Does anybody know if the strings are supposed to stay lit if one goes out? I realize each LED has a huge life, but the contacts could fail. Thanks. Before I make the investment I want to know what I am getting into, because that it why I have never used mini-lights. Frank
I don't know how old you are, but the "old-fashioned" kind that I think of were wired in series and when one went out, they all went out. They were a real PITA if you happened to have two bad bulbs in one string.
On most I've used, they all go out. However, I've got an exception here. It's one of the 70-LED strings from Lowe's. About 10 LEDs have gone out (some in each half of the string). The others are just as bright.
That's not exactly true. I've yet to see one that failed anything but open
- circuit broken.

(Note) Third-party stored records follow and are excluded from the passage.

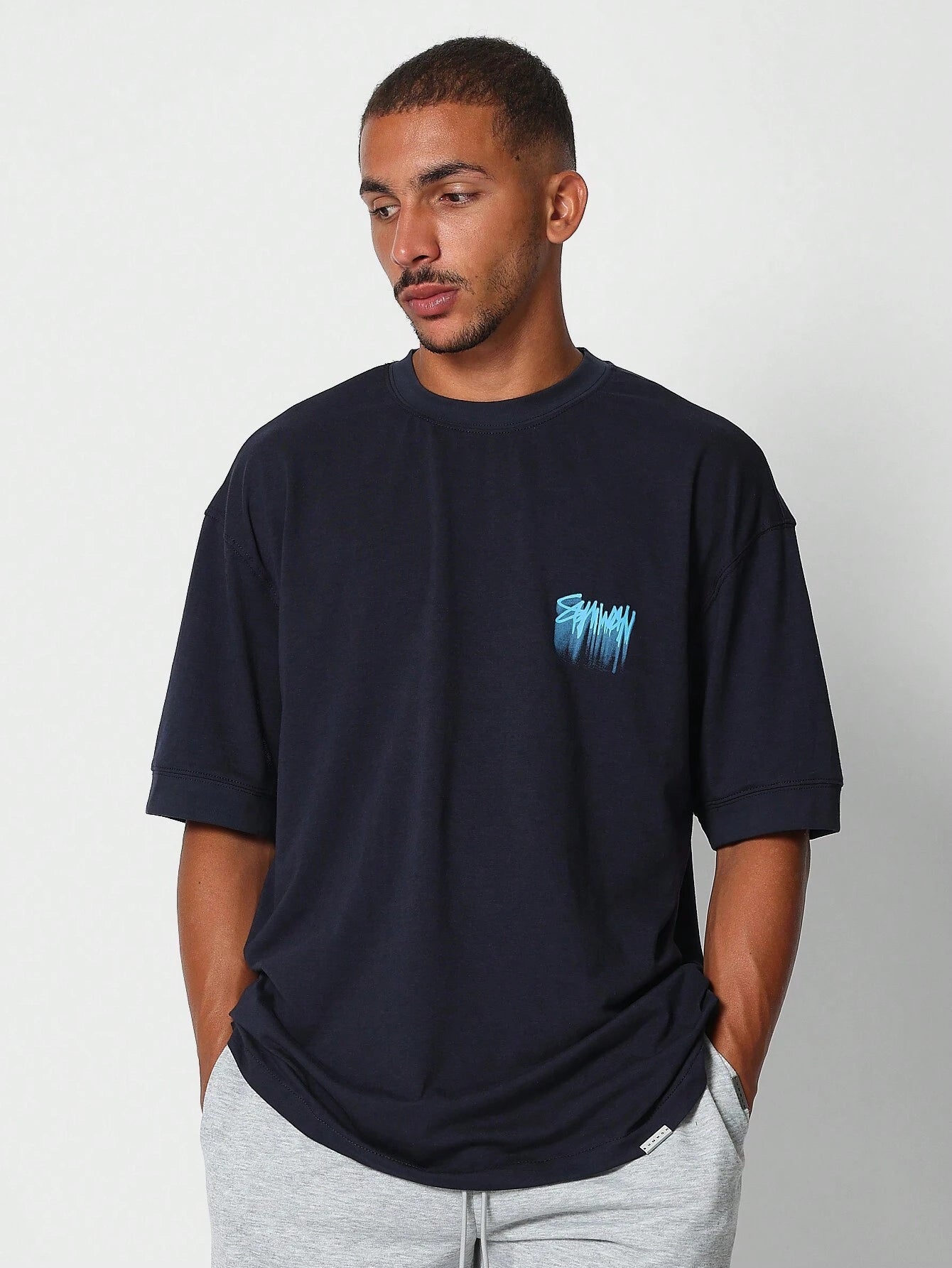 SUMWON Oversized Graffiti T-shirt | T-shirt | Casual herenshirt met kunstzinnige print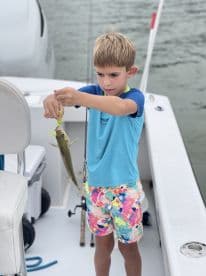 A young angler proudly displaying a caught fish while fishing on a boat, showcasing a fun family fishing experience.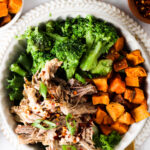 pork butt in a bowl with sweet potatoes and broccoli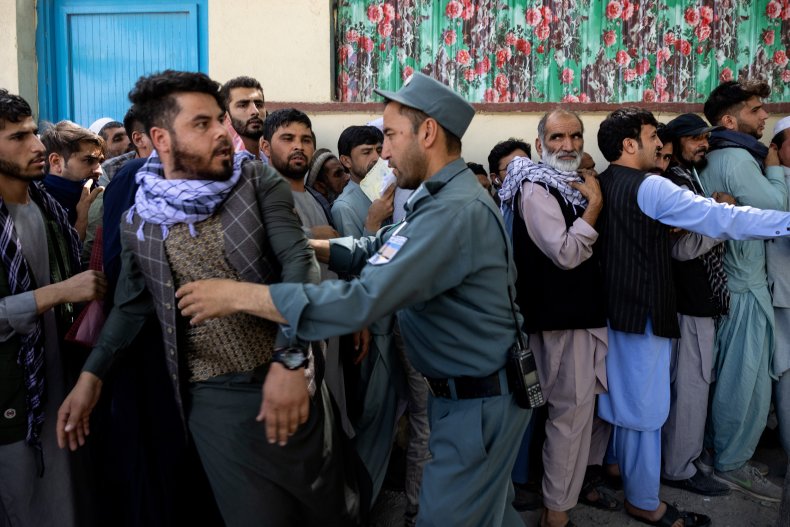 Afghans wait outside the passport office, Kabul.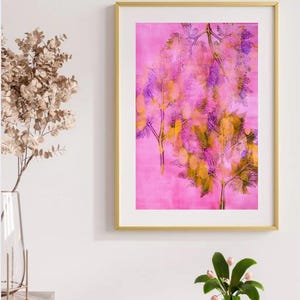 May include: A framed art print featuring a pink background with stylized tree branches in shades of yellow, purple, and green. The artwork is encased in a gold frame, creating a decorative piece for home decor.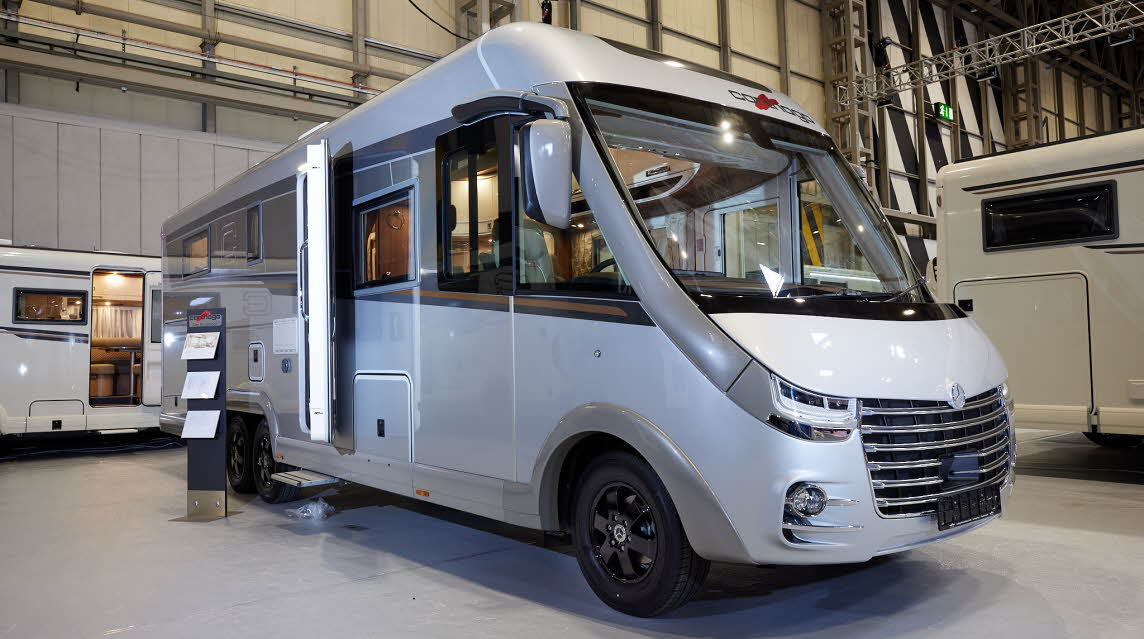 Carthago chic e-line I 64 XL QB MB has a silver exterior, its habitation door is open showing into the interior, with a step to gain easy access.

If they are connected in series, and the cheapest ones are, they will fail the corresponding section of the string just like the regular lights. If you can find a 12V outdoor one, where diodes are connected in parallel, one bad one will not bring the whole string down. That said, I've yet to come across a 12V LED lights that were intended for outdoors ...
The ones I've used seem to have resistors in the sockets, which would carry the load if a diode quit. And, in the multi color strings, the resistors seem to vary in value depending on the color; some colors require more current than others to give the same light output appearance. I don't think every color has resistors, but I don't remember as I checked several years ago.
Also, because the strings which I have blink, due to the half cycle on and half cycle off (they are 1/2 wave rectifiers), I've added a full wave rectifier to the plug end. I know that stresses the individual diodes as there is twice as much power dissipation, but no problems after about 5 years. The full wave rectifier also makes them a little brighter.
The most common "initial" failure of a diode is to fail to a low impedence - or a short - which in many circuits leads to high amperage which then blows the diode to open. In a series string environment, a "low impedence" failure does not result in destructive high currents, so MANY times, a series connected diode can fail "shorted" and the rest of the (light emitting) diodes in the string will continue to light.
White LEDs have traditionally been blue inside with a phosphor that, when excited, glows cool white. What I don't like about the white LEDs is that they don't seem to hold up for a long time; they turn dim and sort of, blue. Now, this year I've noticed "warm white" LEDs in the Christmas decorations. To me they still don't look like traditional clear lamps. They have a sort of greenish-yellow color. And different strings seem to look different in color. Maybe in a few years they will perfect the warm white thing, or .... we will learn to get used to it.
I have a couple strings of "color changing" LED lights. They change between blue, violet, white, and yellow. They bight be using blue and yellow LEDs using opposite polarity.
Know what you mean though, it's not quite the same. But then for Christmas lights they're not for illuminating the entire room, so I don't think the not-quite-what-we're-used-to light output is much of an issue. (I spent about an hour last night making three good strings of incandescent lights from four, so anything that's more reliable gets my vote)
I don't know, I seem to remember a few decades ago connecting LEDs directly across 9V batteries to see how far across the room I could get the fragments to fly when they exploded. I think it's possible for folk to amuse themselves in destroying pretty much anything :-)
(the bulb story's funny, though - triggered a memory of me aged ten or so being allowed to wrap failed incandescents up in newspaper and then smack them with a big hammer, just for the nice popping sound they made as they broke!)